## Problem
Transcribe only what runs from the line containing "Bild: Der Einsatzleitwagen" through the end of the listing, line for line and exactly, and omit the pictures.

## Data to examine

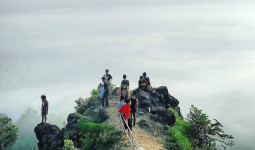 Puncak Bukit Biru, Wisata Pendakian Baru di Kukar yang Siap Dikembangkan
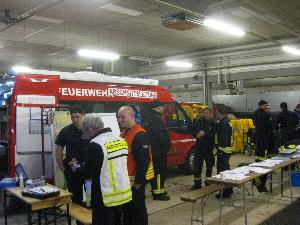 Bild: Der Einsatzleitwagen der Feuerwehr Illingen unterstützte im Gerätehaus in Eppelborn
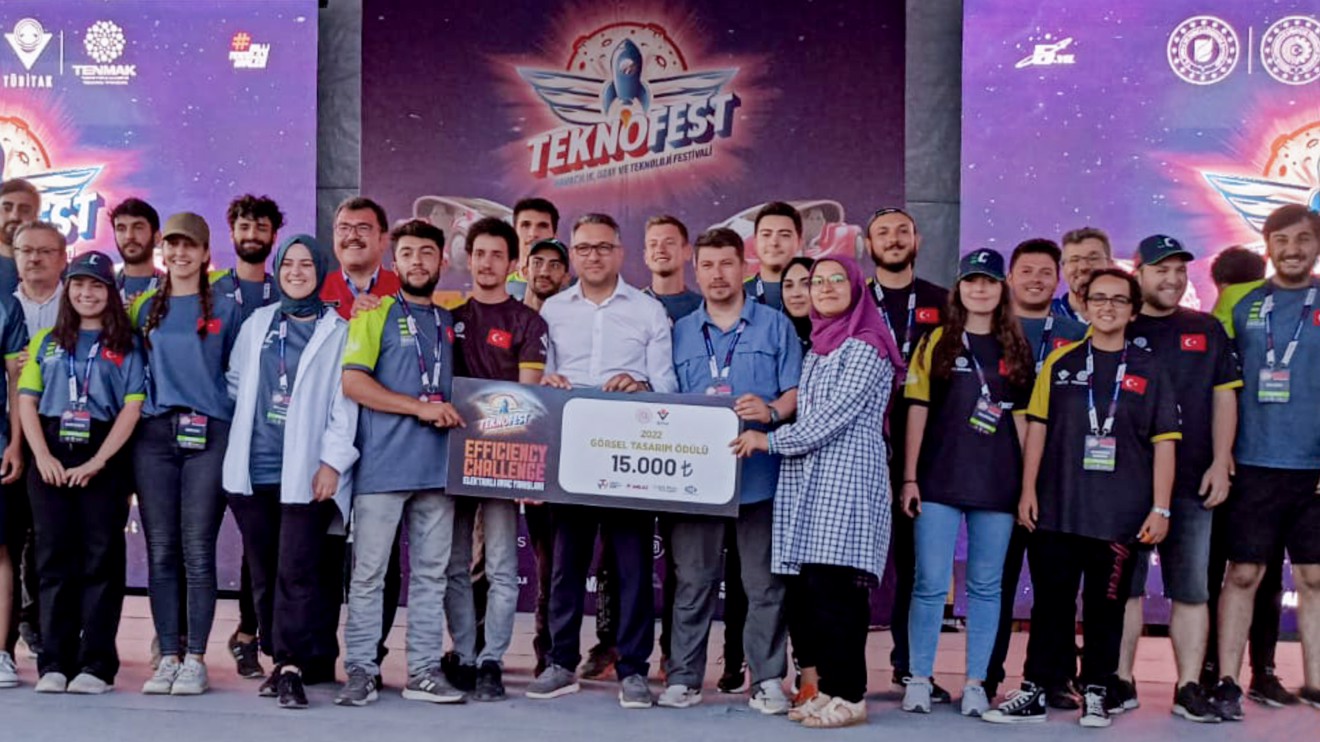 Selçuk Üniversitesi Elektrikli Aracı, TEKNOFEST'te Görsel Tasarım Ödülü’nün sahibi oldu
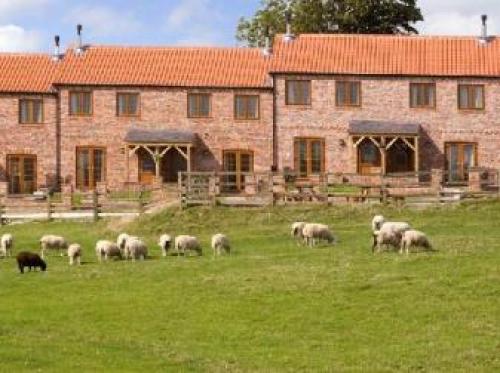 Red House Farm Cottages, Little Weighton, 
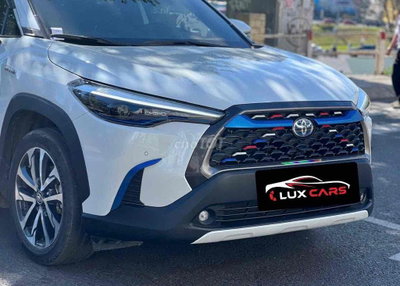 Toyota Cross HEV 2022- Chuẩn Odo: 3v2- Xe Chuẩn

## Answer section
 Bild: Der Einsatzleitwagen der Feuerwehr Illingen unterstützte im Gerätehaus in Eppelborn
 Selçuk Üniversitesi Elektrikli Aracı, TEKNOFEST'te Görsel Tasarım Ödülü’nün sahibi oldu
 Red House Farm Cottages, Little Weighton, 
 Toyota Cross HEV 2022- Chuẩn Odo: 3v2- Xe Chuẩn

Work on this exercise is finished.